Zum wievielten Mal wird nun eigentlich der Anfang vom Ende des Cavaliere herbeigeschrieben? Ginge es nach den Analysen und Kommentaren der internationalen Medien, müsste Silvio Berlusconi - immerhin seit 1994 der Big Player der italienischen Politik - längst nur noch eine Fußnote in der Zeitgeschichte seines Landes sein. Aber, um es in einer der österreichischen Politfolklore entliehenen Terminologie zu sagen, er war nie wirklich weg, und wenn er doch einmal weg war, war er gleich wieder da und wird es wohl auch noch eine Zeit lang bleiben.

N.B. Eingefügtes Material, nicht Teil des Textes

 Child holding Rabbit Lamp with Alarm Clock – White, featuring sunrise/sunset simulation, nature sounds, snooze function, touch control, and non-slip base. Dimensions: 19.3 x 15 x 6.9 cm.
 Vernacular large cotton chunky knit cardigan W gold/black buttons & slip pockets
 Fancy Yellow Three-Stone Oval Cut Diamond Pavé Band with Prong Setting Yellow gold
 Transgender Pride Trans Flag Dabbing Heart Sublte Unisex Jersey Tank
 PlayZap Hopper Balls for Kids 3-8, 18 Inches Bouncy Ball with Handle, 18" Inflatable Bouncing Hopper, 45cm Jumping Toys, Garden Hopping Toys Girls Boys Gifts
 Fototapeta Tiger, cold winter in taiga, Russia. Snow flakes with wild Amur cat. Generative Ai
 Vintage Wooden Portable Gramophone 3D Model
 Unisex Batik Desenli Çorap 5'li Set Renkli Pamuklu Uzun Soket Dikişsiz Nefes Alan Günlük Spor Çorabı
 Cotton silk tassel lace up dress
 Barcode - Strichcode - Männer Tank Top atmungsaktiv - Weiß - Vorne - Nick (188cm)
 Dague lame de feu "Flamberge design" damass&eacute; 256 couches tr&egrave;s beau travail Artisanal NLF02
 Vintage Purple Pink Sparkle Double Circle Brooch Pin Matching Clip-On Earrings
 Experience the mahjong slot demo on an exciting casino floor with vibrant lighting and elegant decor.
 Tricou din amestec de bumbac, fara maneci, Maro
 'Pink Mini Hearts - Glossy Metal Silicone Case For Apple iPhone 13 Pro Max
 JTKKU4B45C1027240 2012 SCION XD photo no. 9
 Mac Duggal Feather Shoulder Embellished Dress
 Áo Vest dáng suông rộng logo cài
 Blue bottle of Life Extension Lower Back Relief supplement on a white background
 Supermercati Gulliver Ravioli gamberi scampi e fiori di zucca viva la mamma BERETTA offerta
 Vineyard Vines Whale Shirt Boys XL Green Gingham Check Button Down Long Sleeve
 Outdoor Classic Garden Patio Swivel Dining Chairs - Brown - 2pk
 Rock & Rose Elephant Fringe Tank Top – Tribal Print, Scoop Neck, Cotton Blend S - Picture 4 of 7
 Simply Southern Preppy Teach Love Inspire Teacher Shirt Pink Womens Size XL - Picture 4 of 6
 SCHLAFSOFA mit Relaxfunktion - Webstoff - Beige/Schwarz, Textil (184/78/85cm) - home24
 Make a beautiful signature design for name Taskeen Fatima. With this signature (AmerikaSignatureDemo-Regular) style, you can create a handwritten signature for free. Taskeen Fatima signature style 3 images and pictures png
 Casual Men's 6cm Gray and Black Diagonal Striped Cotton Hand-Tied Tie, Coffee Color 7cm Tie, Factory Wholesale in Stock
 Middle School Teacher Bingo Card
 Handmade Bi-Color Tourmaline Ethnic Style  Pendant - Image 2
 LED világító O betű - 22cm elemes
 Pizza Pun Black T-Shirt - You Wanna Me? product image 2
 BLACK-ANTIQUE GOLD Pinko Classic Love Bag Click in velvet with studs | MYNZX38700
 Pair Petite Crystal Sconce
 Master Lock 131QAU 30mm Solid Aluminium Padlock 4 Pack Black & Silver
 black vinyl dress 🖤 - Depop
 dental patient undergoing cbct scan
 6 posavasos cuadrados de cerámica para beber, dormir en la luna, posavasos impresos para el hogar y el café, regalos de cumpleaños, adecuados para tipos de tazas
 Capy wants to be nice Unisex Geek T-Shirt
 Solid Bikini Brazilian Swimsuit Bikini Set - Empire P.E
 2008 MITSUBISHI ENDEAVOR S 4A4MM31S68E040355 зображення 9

Das ist nicht erfreulich und stellt der politischen Kultur Italiens kein besonders gutes Zeugnis aus. Es sagt vor allem einiges über den Zustand der Parteien(?) von links bis Mitte aus. Mangels nennenswerter christdemokratischer und bürgerlicher Kräfte geht ja Berlusconi mitsamt seiner jeweils aktuellen Parteienformation als Quasi-Repräsentant dieses Lagers durch, was nicht zuletzt in der Zugehörigkeit seines "Popolo della Libertà“ zur Europäischen Volkspartei (EVP) seinen Ausdruck findet.

Desolate Opposition

Bezeichnend in diesem Zusammenhang ist auch die von Wolfgang Schüssel bekannte Argumentationslinie: Kritisch auf seine wohlwollende Verbundenheit mit Berlusconi angesprochen und gefragt, ob ihm der Christdemokrat Romano Prodi, seinerzeit Oppositionsführer und Galionsfigur des Mitte-links-Lagers, nicht näher stehen müsste als Berlusconi, lautete Schüssels Antwort stets: Prodi, den er sehr schätze, dürfe man nicht für das wahre Gesicht seines extrem heterogenen und ganz nach linksaußen reichenden Bündnisses halten. Ob man diese Ansicht nun teilt oder nicht, sie verdeutlicht jedenfalls etwas, das nach Ansicht der meisten Beobachter entscheidend zum Erfolg Berlusconis beigetragen hat: die desolate Verfasstheit der Opposition - oder anders gesagt: den Mangel an Alternativen.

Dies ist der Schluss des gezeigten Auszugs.